══ RECORDS
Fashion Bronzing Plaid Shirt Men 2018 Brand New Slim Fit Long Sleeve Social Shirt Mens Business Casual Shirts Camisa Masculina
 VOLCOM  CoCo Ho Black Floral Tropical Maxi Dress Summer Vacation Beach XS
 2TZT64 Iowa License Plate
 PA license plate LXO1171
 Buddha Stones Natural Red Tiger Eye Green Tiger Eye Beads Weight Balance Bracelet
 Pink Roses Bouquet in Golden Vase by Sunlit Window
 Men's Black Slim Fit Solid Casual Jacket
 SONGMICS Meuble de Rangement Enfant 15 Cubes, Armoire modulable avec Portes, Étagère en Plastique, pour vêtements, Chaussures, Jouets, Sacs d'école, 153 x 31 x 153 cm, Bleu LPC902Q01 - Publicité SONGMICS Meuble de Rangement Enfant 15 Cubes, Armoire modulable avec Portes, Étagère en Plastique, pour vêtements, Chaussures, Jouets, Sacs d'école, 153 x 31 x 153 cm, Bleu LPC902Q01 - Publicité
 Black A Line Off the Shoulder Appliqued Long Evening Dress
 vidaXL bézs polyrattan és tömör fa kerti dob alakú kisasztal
════
◆ **EXERCISE DESCRIPTION**:
Take the stretch of lines above from the one containing "Vacation Beach XS" through the one containing "Pink Roses Bouquet" and repeat it exactly, adding no other line.

◆ **SOLUTION BELOW**:
 VOLCOM  CoCo Ho Black Floral Tropical Maxi Dress Summer Vacation Beach XS
 2TZT64 Iowa License Plate
 PA license plate LXO1171
 Buddha Stones Natural Red Tiger Eye Green Tiger Eye Beads Weight Balance Bracelet
 Pink Roses Bouquet in Golden Vase by Sunlit Window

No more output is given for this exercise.